Writing in the foreword to a new report, The Climate Paradox: Why We Need to Reset Action on Climate Change, from the Tony Blair Institute for Global Change (TBI), the former Labour Prime Minister warned against the ‘alarmist’ tone of the debate on climate change, which he said is ‘riven with irrationality’.
While noting that ‘most people accept that climate change is a reality caused by human activity’, Blair says that people in both developed and developing countries are increasingly disillusioned with current climate strategies and are ‘turning away from the politics of the issue because they believe the proposed solutions are not founded on good policy’.
The TBI report suggests that global climate policy is facing a critical inflection point. Despite increasing awareness and worsening climate impacts, political momentum to tackle emissions is weakening, it warns. For the energy industry, this shift marks a potential reset in how climate objectives are pursued, with calls to prioritise delivery, innovation and international pragmatism.
2023 was the hottest year on record and saw severe weather events worldwide. Yet at the same time, public confidence in climate policy is waning, suggests the report. It says net zero strategies, once framed as engines of green economic growth, are increasingly viewed as expensive, politically contentious and insufficient. In some advanced economies, promised green jobs have not materialised at scale, while energy-intensive sectors report rising costs and reduced competitiveness relative to countries such as China.

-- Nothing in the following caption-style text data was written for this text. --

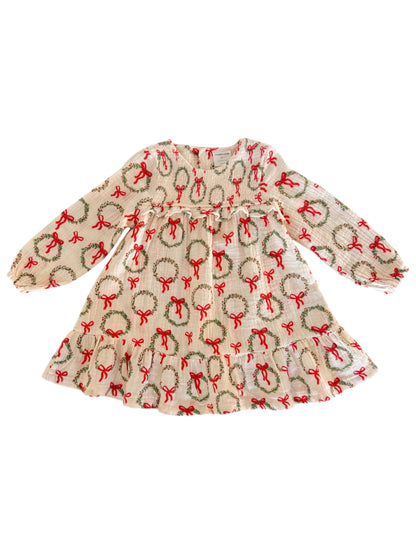 Cream dress with festive wreath and bow pattern, featuring long sleeves and a flared skirt. Perfect for holiday occasions.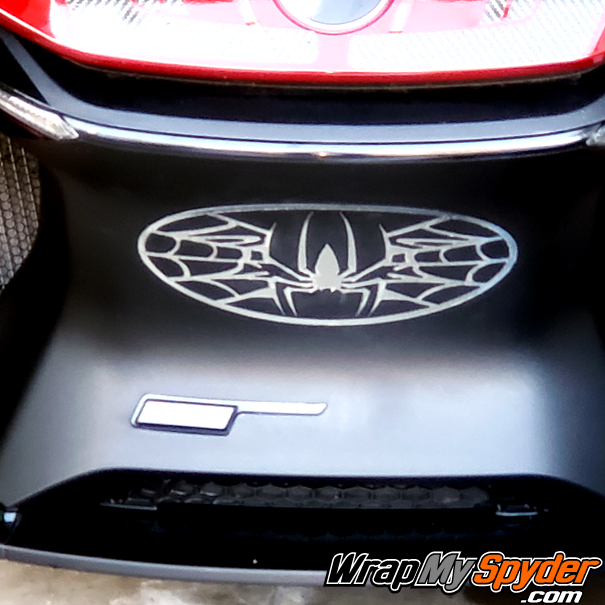 chrome-oval web-spider emblem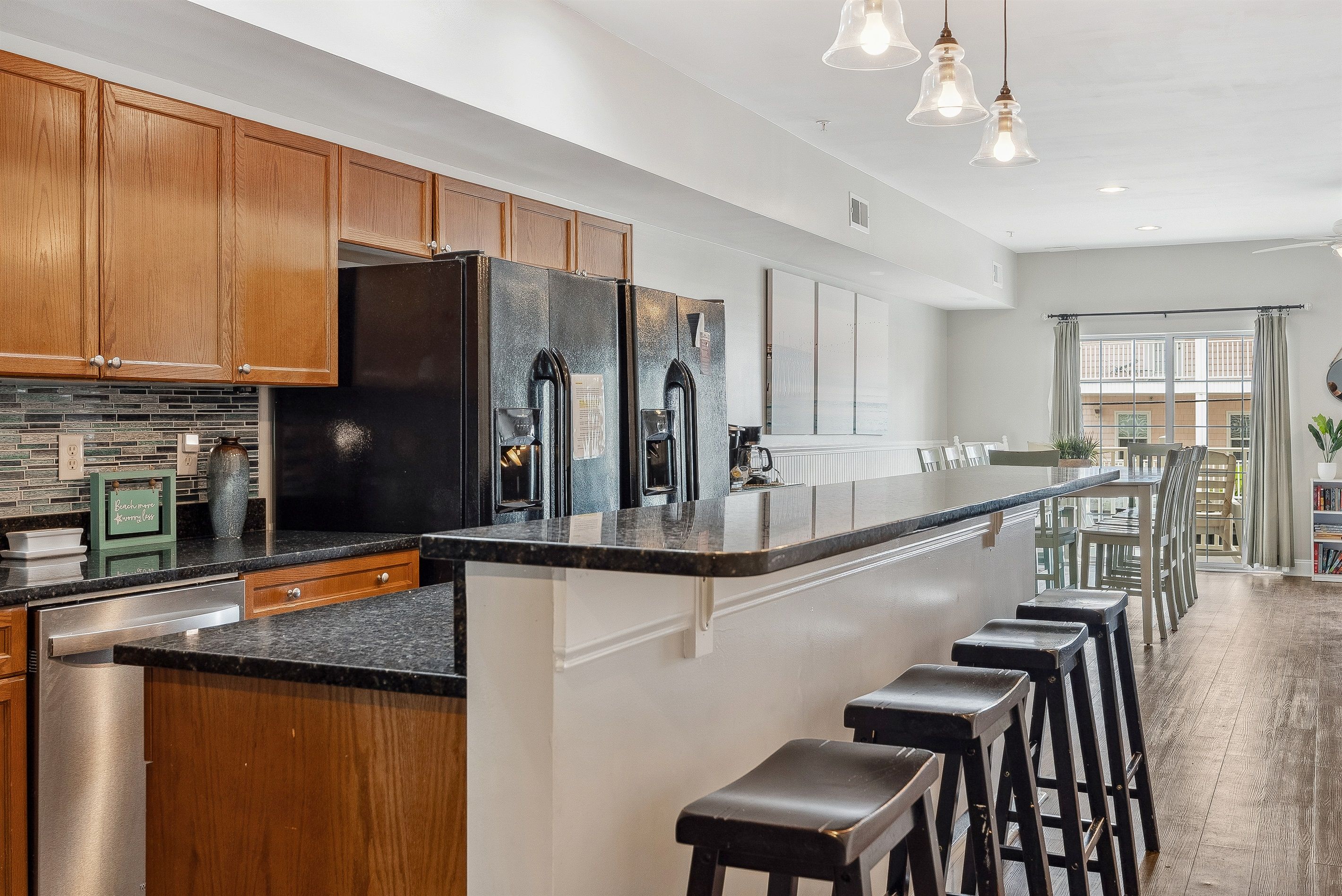 A modern kitchen with wooden cabinets, a large black refrigerator, a central island with bar stools, and a view to a dining area.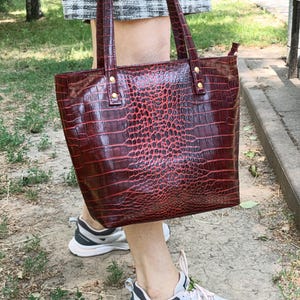 May include: A deep red tote bag with a glossy crocodile skin texture, featuring two vertical shoulder straps attached with gold-toned metal rivets. The bag has a structured rectangular shape and a smooth, shiny finish across the entire surface.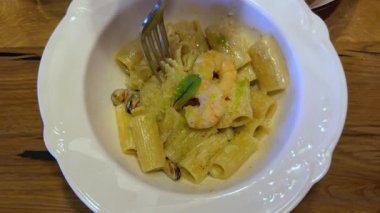 Pişmiş kelebek şekilli makarna servis ediyoruz. Kaynamış karides kuyruklu farfalle deniyor. Masada kareli masa örtüsüyle kaplı bir tabakta. Yüksek kalite 4k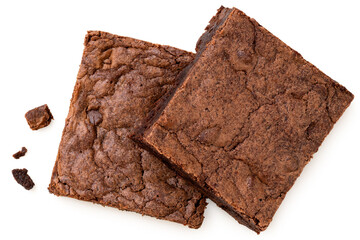Two chocolate brownies with chocolate chips next to crumbs isolated on white from above. - obrazy, fototapety, plakaty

In this environment, some governments are retreating from ambitious climate targets, and private-sector commitments are being rolled back, says the TBI. This has contributed to a growing climate paradox: public concern about the climate crisis is higher than ever, but policy ambition is in decline.
The solution, according to the TBI, is not to abandon net zero goals but to reframe the approach. The focus must shift from idealism to implementation, delivering tangible outcomes through disruptive technologies, smarter policy design and targeted global cooperation.
Key report recommendations include the rapid deployment of carbon capture technology and scaling of nature-based solutions; greater use of artificial intelligence to optimise energy systems, improve efficiency, and reduce costs across grids and supply chains; and the integration of small modular nuclear reactors into nation’s energy policies.
The report also calls for a greater focus on climate change adaptation measures, from resilient urban infrastructure to flood defences and climate-ready energy systems.
It also critiques the pace of current multilateral climate mechanisms, urging more agile, plurilateral agreements, particularly involving key emitters such as China and India. Finance, including climate-risk pricing, green bonds and philanthropy, must also be channelled more effectively to de-risk innovation and scale impactful technologies, it suggests.
Without a reset in both strategy and climate politics, the report warns that the world risks missing its climate goals.
Strong reactions
Blair’s comments were quickly seized upon by opposition parties as an attack on Prime Minister Keir Starmer’s plan to achieve net zero carbon emissions in the UK by 2050. Both the Conservatives and Reform UK argue that the UK’s net zero by 2050 target is unachievable and damaging to the country’s economy. However, the BBC reported that Downing Street said it would not be changing course, with Labour ministers insisting the drive to net zero would not involve any financial sacrifices and have minimal impact on people’s lives.
Meanwhile, Nicholas Stern, author of the Stern Review on Climate Change (commissioned by the Labour government in 2006) and Chair of the Grantham Research Institute on Climate Change and the Environment at the London School of Economics and Political Science, called the report ‘muddled and misleading’. He said: ‘There is far more progress being made around the world to decarbonise the global economy than it suggests. For instance, China is the world’s leading producer and domestic deployer of renewables and electric vehicles. Its power generating capacity from renewables has now exceeded that of fossil fuels and its emissions are likely to peak in the next two years.’
Stern continued: ‘The UK’s leadership on climate change, particularly the elimination of coal from its power sector, is providing an influential example to other countries. So, too, its climate change legislation and its Climate Change Committee. If the UK wobbles on its route to net zero, other countries may become less committed. The UK matters.’
He added: ‘The report downplays the science in its absence of a sense of urgency and the lack of appreciation of the need for the world to achieve net zero as soon as possible, in order to manage the growth in climate change impacts that are already hurting households and businesses across the world and in the UK. Delay is dangerous.’